Heirloom Tomato And Black Olive Tart
- Makes one 9-inch tart to serve 6 to 8
Courtesy of California Wine Institute
Make this colorful savory tart in late summer when tomatoes are at their flavor peak. Serve in thin slices as an appetizer or in bigger portions with a side salad for lunch. The tart also works nicely as a side dish for a roast leg of lamb or roast chicken.
PAIR WITH Pinot Noir or Zinfandel
- 1 cup (125 g) unbleached all-purpose flour
- 1 teaspoon (5 ml) sugar
- ½ teaspoon (5 ml) sea salt
- ½ cup (115 g) unsalted butter, at room temperature, in 16 pieces
- 1-1/2 pounds (680 g) heirloom tomatoes, cored and sliced ¼ inch (6 mm) thick, ends discarded
- 1-1/2 teaspoons (7.5 ml) sea salt
- 1 dozen kalamata or black olives, pitted and halved
- 1 tablespoon (15 ml) extra virgin olive oil
- 3/4 teaspoon (4 ml) dried oregano, crumbled fine
- 2 tablespoons (28 g) goat cheese, at room temperature
- 2 tablespoon (30 ml) plain yogurt, or as needed
- 1 small clove garlic, very finely minced
- Basil leaves for garnish
In a food processor, combine the flour, sugar, and salt and pulse to blend. Add the butter and pulse until the mixture resembles fine crumbs. Sprinkle 1 tablespoon (15 ml) water over the mixture and pulse until it begins to come together into a dough.
Turn the dough out onto a large sheet of plastic wrap and, using the plastic wrap as a barrier to avoid touching the dough, shape the dough into a ball. Wrap in the plastic, then flatten into a thick round disk. Let rest at room temperature for 30 minutes.

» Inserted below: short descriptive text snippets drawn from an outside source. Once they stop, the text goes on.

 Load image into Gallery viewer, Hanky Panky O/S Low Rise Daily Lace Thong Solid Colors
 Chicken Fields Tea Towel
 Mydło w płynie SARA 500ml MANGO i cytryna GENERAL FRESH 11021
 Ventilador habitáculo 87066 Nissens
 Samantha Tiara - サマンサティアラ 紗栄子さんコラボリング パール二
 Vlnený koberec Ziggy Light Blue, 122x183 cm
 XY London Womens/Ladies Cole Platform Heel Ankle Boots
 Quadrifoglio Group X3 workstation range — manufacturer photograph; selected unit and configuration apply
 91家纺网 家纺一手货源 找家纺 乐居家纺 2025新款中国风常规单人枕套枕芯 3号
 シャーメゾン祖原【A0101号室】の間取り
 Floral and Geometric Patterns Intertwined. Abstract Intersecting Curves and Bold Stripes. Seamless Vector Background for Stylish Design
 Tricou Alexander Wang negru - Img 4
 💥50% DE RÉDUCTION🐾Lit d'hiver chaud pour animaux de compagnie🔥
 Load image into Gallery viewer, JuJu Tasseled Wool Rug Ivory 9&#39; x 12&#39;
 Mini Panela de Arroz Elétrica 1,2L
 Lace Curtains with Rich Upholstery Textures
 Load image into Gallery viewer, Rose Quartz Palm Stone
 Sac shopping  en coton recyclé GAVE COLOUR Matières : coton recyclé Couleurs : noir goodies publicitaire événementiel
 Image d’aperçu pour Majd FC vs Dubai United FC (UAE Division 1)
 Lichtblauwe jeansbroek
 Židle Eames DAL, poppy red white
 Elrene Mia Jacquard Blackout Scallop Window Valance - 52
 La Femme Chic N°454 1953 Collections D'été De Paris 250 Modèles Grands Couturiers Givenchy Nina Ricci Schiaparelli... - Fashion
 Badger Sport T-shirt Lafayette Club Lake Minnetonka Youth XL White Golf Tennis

Unwrap the dough and place it in the center of a 9-inch (23-cm) tart pan with a removeable bottom. (Do not use a black metal tart pan or the dough will likely overbrown.) Again, using the plastic wrap as a barrier to avoid touching the dough, press the dough with your hand to flatten it until it covers the bottom and sides of the tart tin. You should have just enough dough to make a thin crust with no trim. Take care to make the dough evenly thick or it may burn in spots. Prick the tart shell with a fork in several places. Lightly cover with plastic wrap and freeze for at least 30 minutes or up to 1 day.
Preheat the oven to 375°F (190°C). Place a sheet of aluminum foil in the tart shell to cover the bottom and top with pie weights or dried beans in an even layer. Bake for 15 minutes, then remove the pie weights and the foil. Return the tart pan to the oven and continue baking until the crust is lightly browned all over, about 15 minutes longer. Set on a rack; leave the oven on.
While the tart crust bakes, place the tomato slices on a double thickness of paper towels. Sprinkle evenly with the salt. Let stand for 30 minutes. Pat the surface with paper towels to remove excess moisture. Transfer the slices to a cutting board and cut them in half, taking care to preserve their shape.
Arrange the tomato slices in the baked tart crust in concentric circles, working from the outside in and overlapping the slices. You should be able to fit all or most of the slices but reserve any extra for a salad. Tuck the olive halves into any crevices. Brush the surface with olive oil and scatter the oregano over the top. Return the tart to the oven and bake until the tomatoes are soft and sizzling, about 30 minutes. Cool on a rack for 15 minutes. The tart is best when warm, not hot.
In a small bowl, blend the goat cheese and yogurt until very smooth. Add more yogurt if needed to create a sauce you can drizzle. Add the garlic (use less, if you prefer) and salt to taste.
Remove the tart from the tin and place on a serving platter. Drizzle with the goat cheese mixture and top with a few torn leaves of basil. Serve warm.